México contemporáneo, dos décadas atrás, aún podía definirse como un pueblo “guadalupano” sin necesidad de seguir de manera estricta o con apego el canon establecido por la iglesia católica. Las costumbres están sufriendo algunas adaptaciones propias del presente siglo, pero el mito de la aparición de la Virgen de Guadalupe al indio Juan Diego se ha sustentado en mitos aún más fantasiosos que el originado por los frailes y la “indiada” de entonces.

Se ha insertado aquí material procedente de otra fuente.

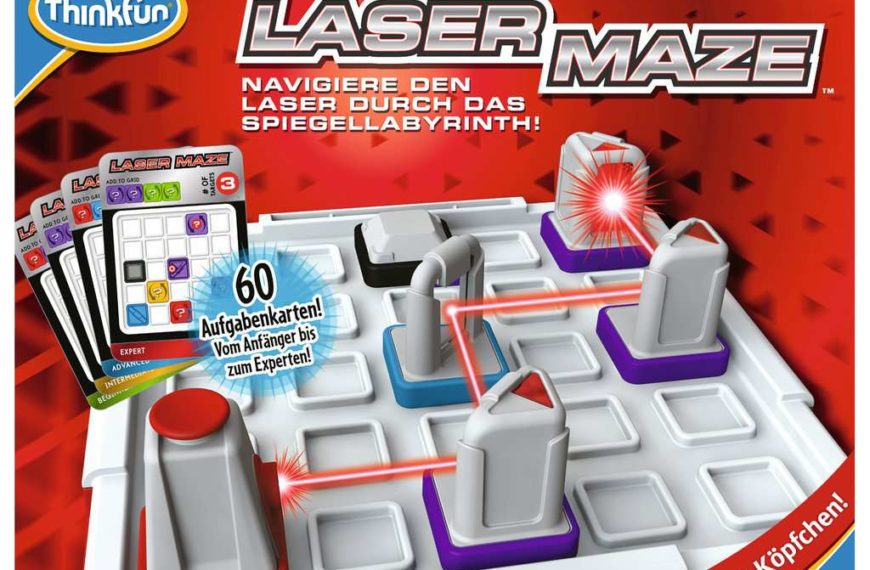 Laser Maze Bild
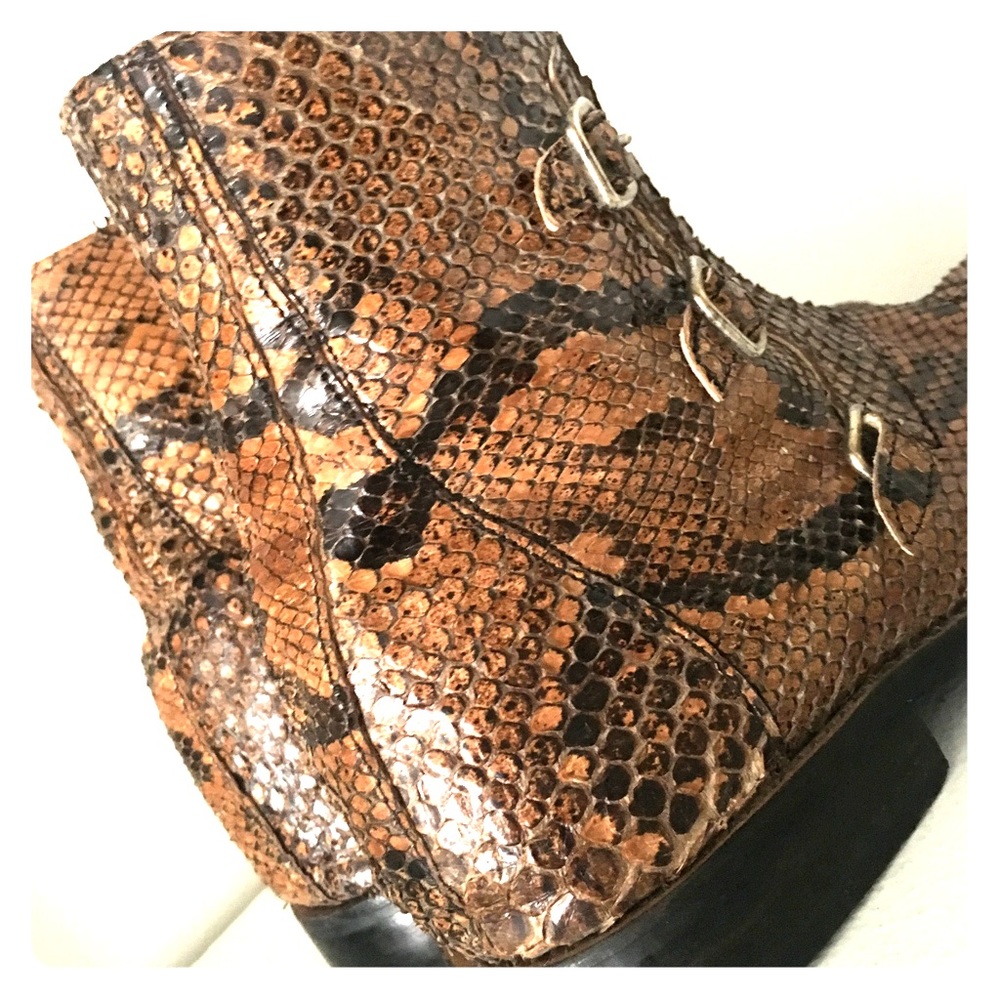 Alligator Boots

A diez años de consumada la caída de la que fuera la gran capital del imperio azteca, la ciudad de Tenochtitlan, la población nativa está desvalorizada y su sistema de creencias sufre una profunda crisis. Diez años es un tiempo muy breve pero sustancioso para tomar en cuenta algunos factores: destrucción de los viejos dioses, misiones que pregonan un catecismo conforme se va descubriendo la amplitud del nuevo mundo, un sistema de creencias que choca en todo con el impuesto por el conquistador, pero que también es contrabalanza de la humanidad con que los frailes (jamás el clero secular, que a su llegada se dedicó sólo a la población española) tratan a los indios. Por si fuera poco se suman las encomiendas, en las que los indios son tratados de manera brutal por el conquistador, pero defendidos por el fraile. ¿Quién nos va a ayudar ahora que los dioses están dormidos o se han olvidado de nosotros?

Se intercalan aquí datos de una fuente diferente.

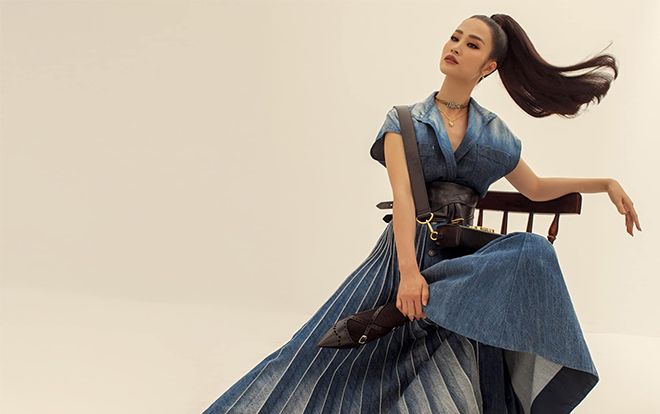 Đông Nhi hóa fashionista chính hiệu trong bộ ảnh trước khi lên xe hoa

Los niños son entonces el mejor vehículo para comenzar la nueva misión: cristianizar a estos pobres con el fin de que alcancen la salvación que sólo brinda la palabra del dios de los occidentales. Son los pequeños, no por traición sino porque así son enseñados en las “nuevas escuelas”, los detractores de sus mayores. Mientras que la población adulta no se hace a la idea de los nuevos ídolos (a fin de cuentas los llegados de España son de trapo y de pasta) y en sigilo transportan a sus viejos ídolos a lugares escondidos, en el monte o a cuevas; los niños corren para alertar a sus maestros y cada vez más cercanos amigos. “Fray Diego, los mayores de mi casa han escondido a una deidad bajo la cruz que ustedes colocaron a la entrada del pueblo”. “Coño, que me cago en una canasta de hostias, con razón todos estos hacen reverencia a la santa cruz”.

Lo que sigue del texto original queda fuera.